• Records to use:
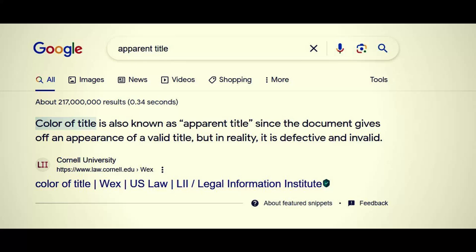So then you get into this idea of color of title and apparent title. Cornell University Law states color of title is also known as apparent title — though that's not quite accurate. The document gives off an appearance of a valid title, but in reality it is defective and invalid. If you look up color of title it states the same thing — it appears legitimate but is actually defective and invalid. That's similar to color of law, except that when you're operating under color of law it's the idea of operating with a uniform — somebody could actually be operating under the color of law legitimately — but it usually refers to fraudulent circumstances. The same thing applies to color of title, though apparent title would be something different.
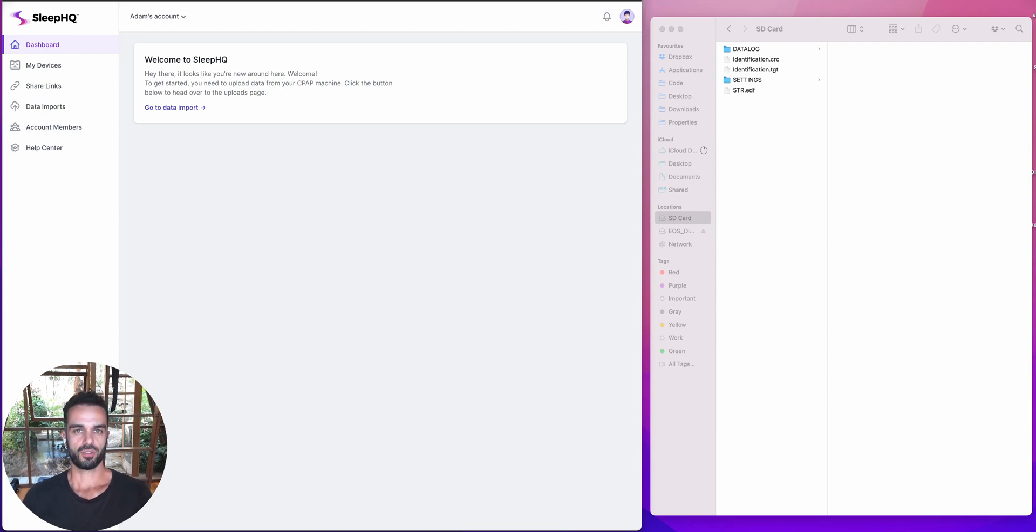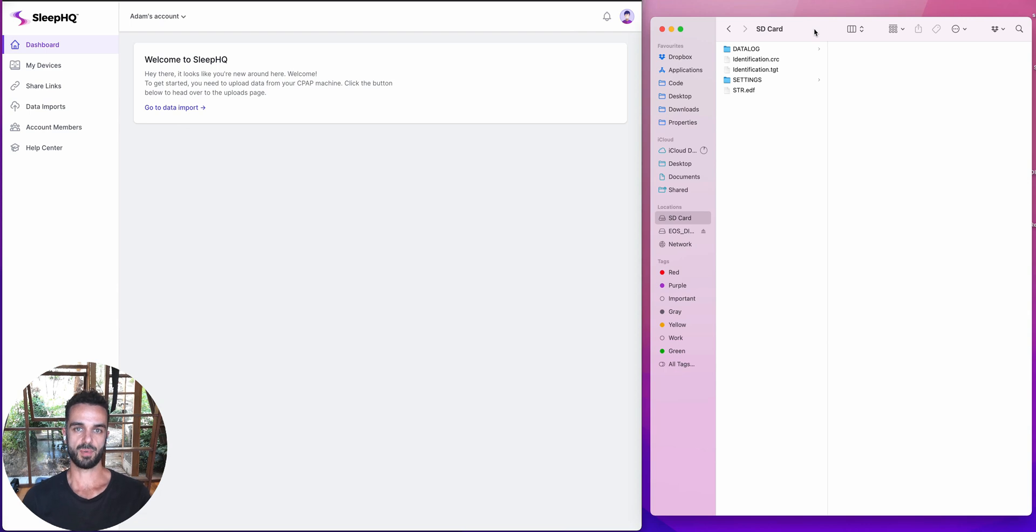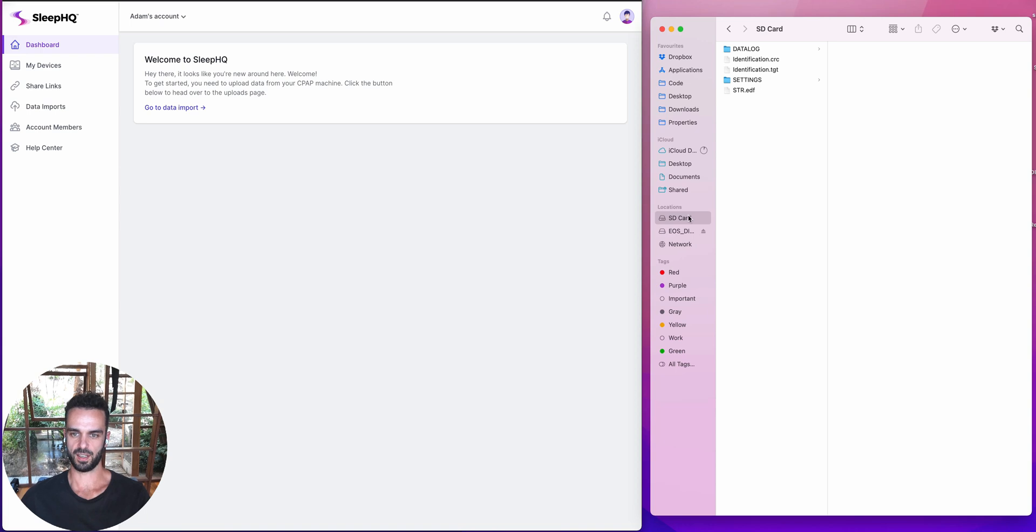To start off with, I've created a new account on Sleep HQ and I'm logged in in my browser over here. And then over on the other side, I've got my SD card. So I've taken the SD card out of my CPAP machine and I've plugged it into my computer just using a regular SD card reader. So you can see down here that that's it there.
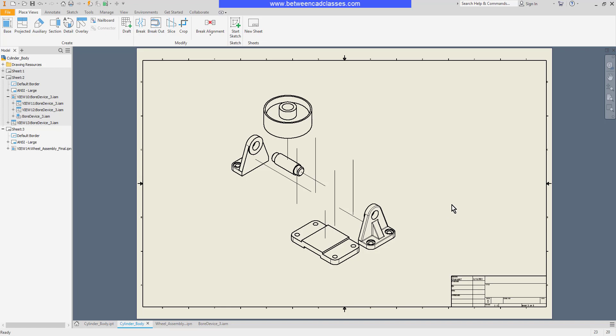So once again, you can use the base and projected view tools for parts, assemblies, and exploded presentation files. That concludes this look at base and projected views in Autodesk Inventor.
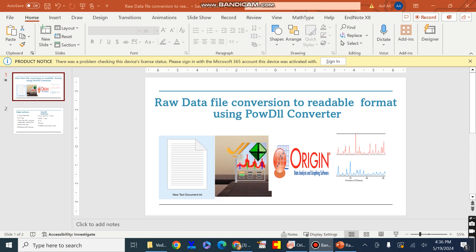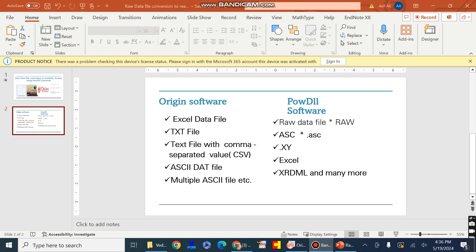We need to convert the raw data file into a suitable format which is supportable for the Origin software. With the help of Origin software we can draw and plot the raw data file in the form of an Excel file, a text file, a text file with comma-separated values known as CSV, ASCII data file, and multiple ASCII file formats, and many more.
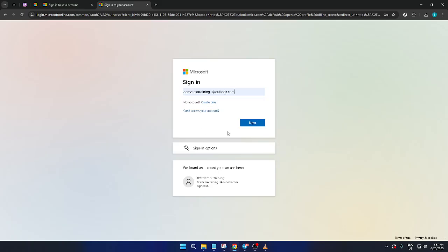Once you've completed these steps, you're effectively adding another layer to your Outlook setup, allowing you to alternate between accounts seamlessly.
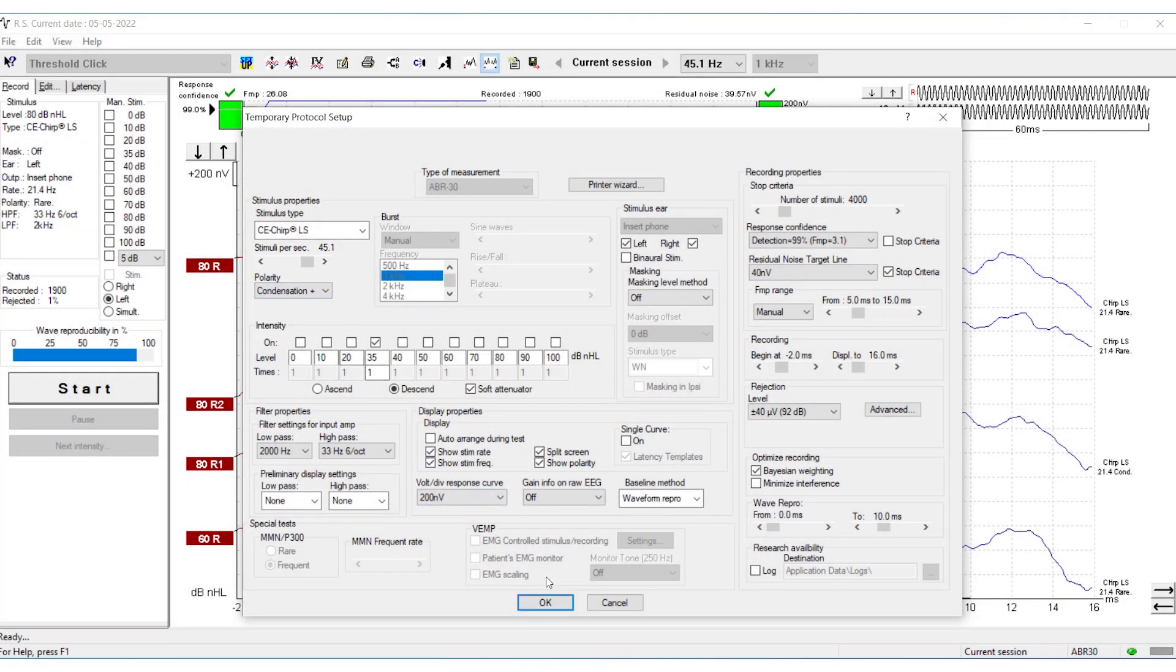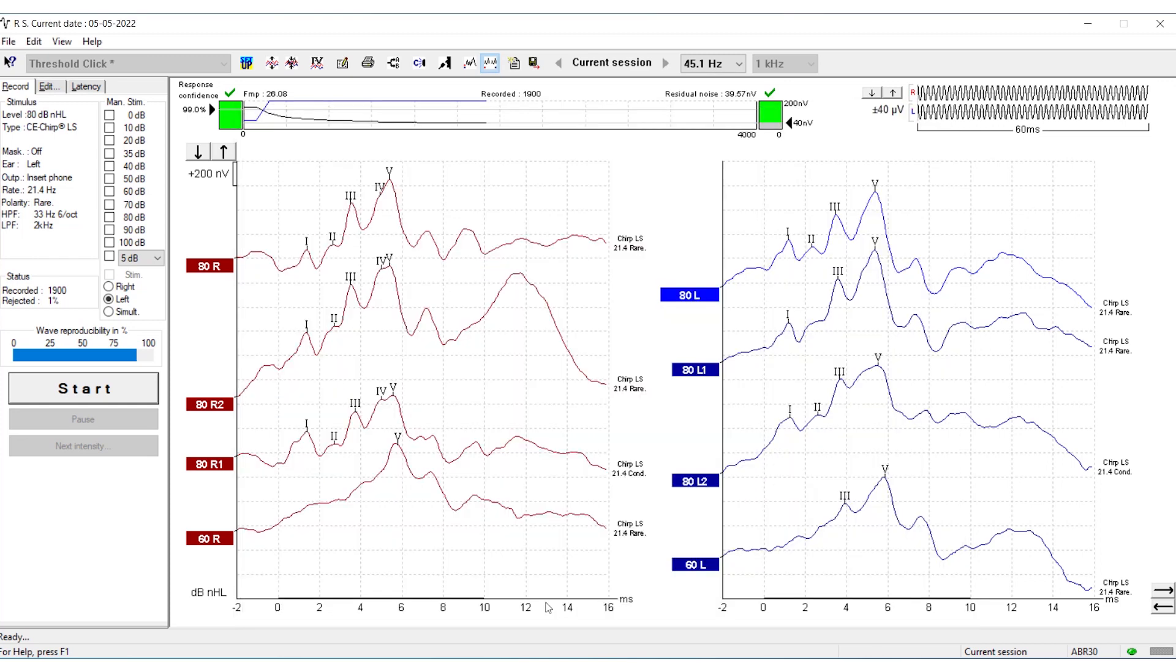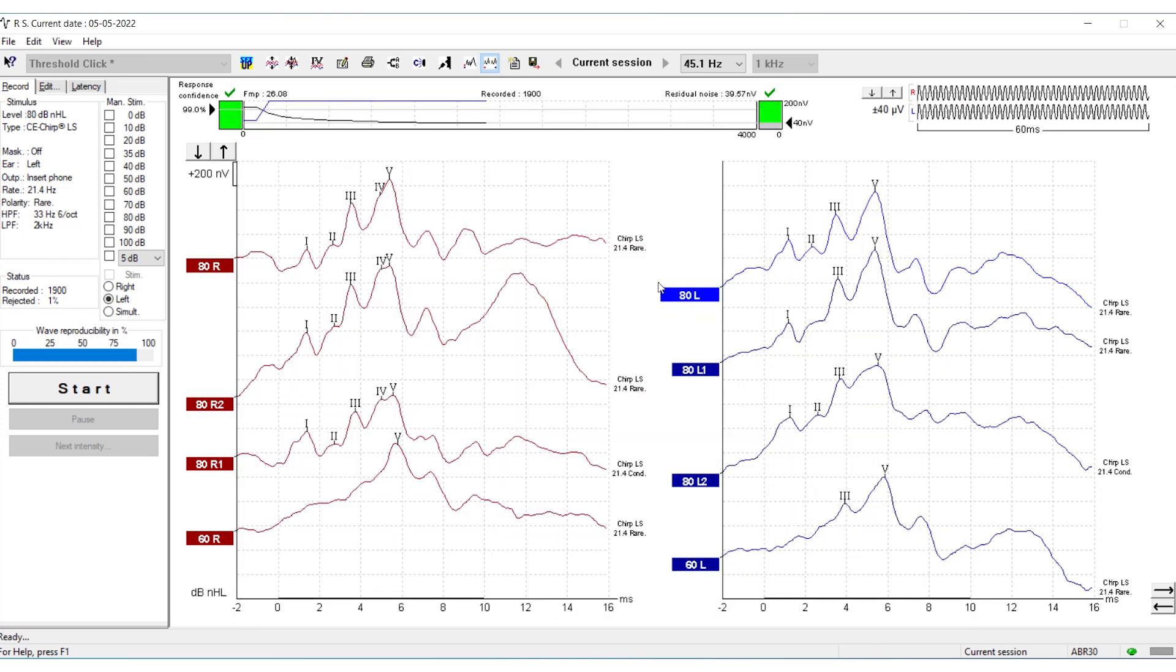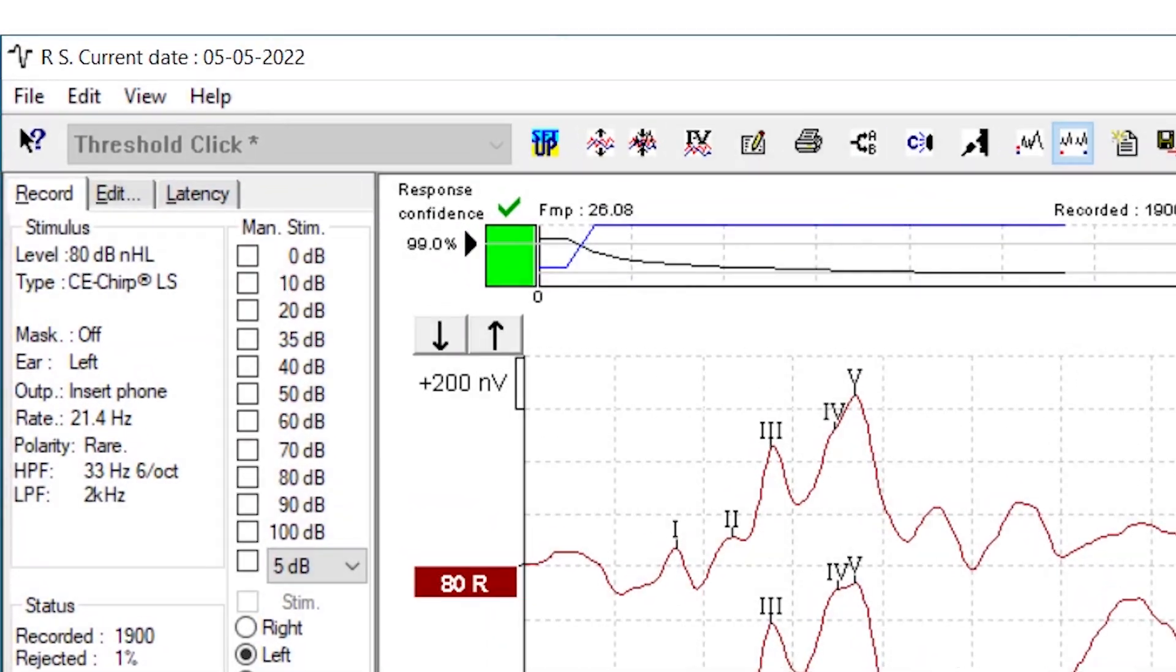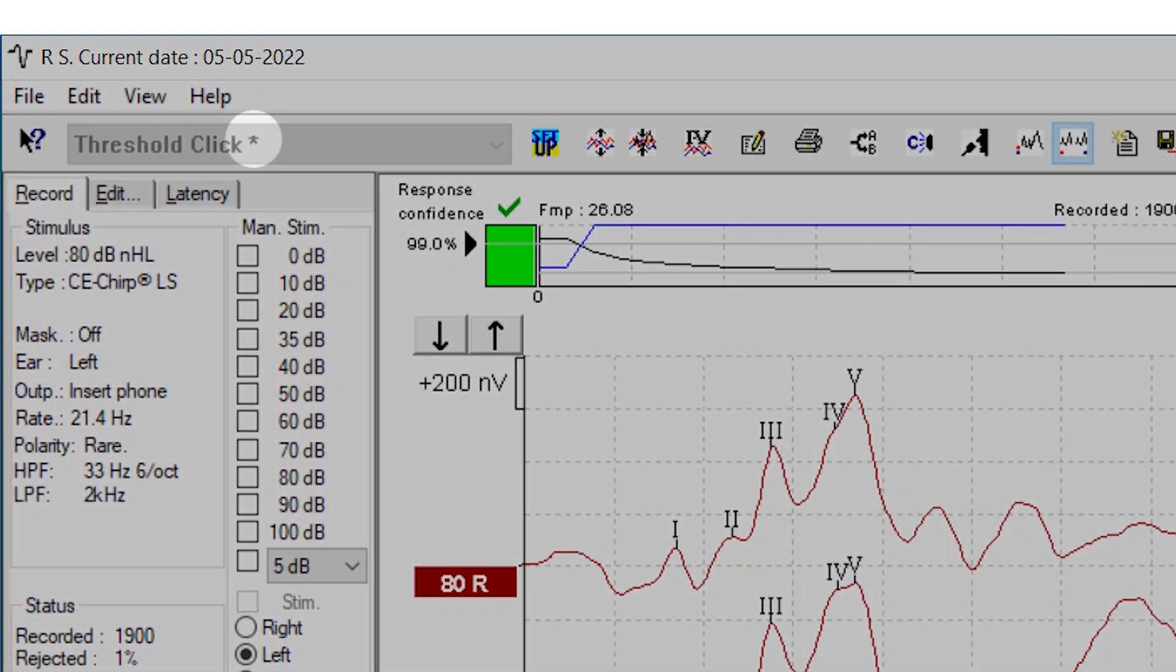Then press OK. You have now changed the stimulus type to condensation for this measurement only. A temporary change is marked by a star.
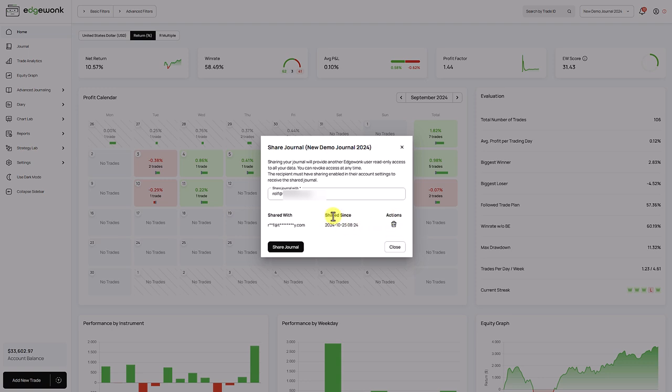It's important to note that the other user only has read-only access. So the Edgewonk user that you have shared your journal with can only see your trading data and your whole journal, but he cannot make any changes.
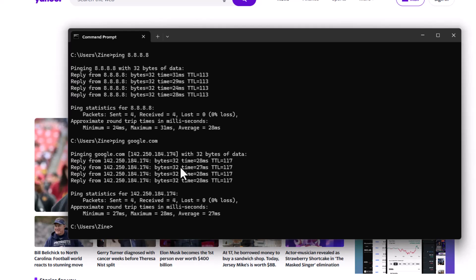To answer this question I issued the DNS lookup command, nslookup google.com.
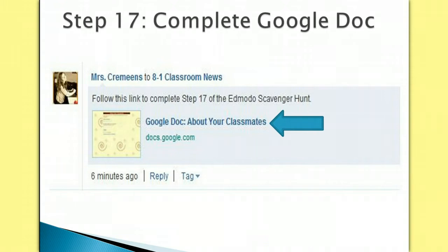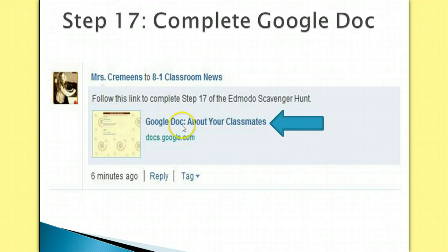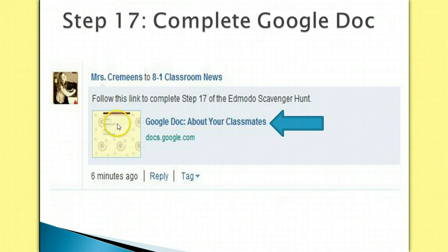Filter posts using the shared tag 'Edmodo Scavenger Hunt', and find the post with the Google Doc 'About Your Classmates' attached to it. Click the document title, and that should bring up the document in another window. Follow the directions posted in the assignment and submit your answers.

• Work item: Leaving each picture behind, please give again exactly the lines above from the one with "It's important to" through the one with "To answer this", both included, and no others.

• Result for this task:
It's important to note that the other user only has read-only access. So the Edgewonk user that you have shared your journal with can only see your trading data and your whole journal, but he cannot make any changes.
To answer this question I issued the DNS lookup command, nslookup google.com.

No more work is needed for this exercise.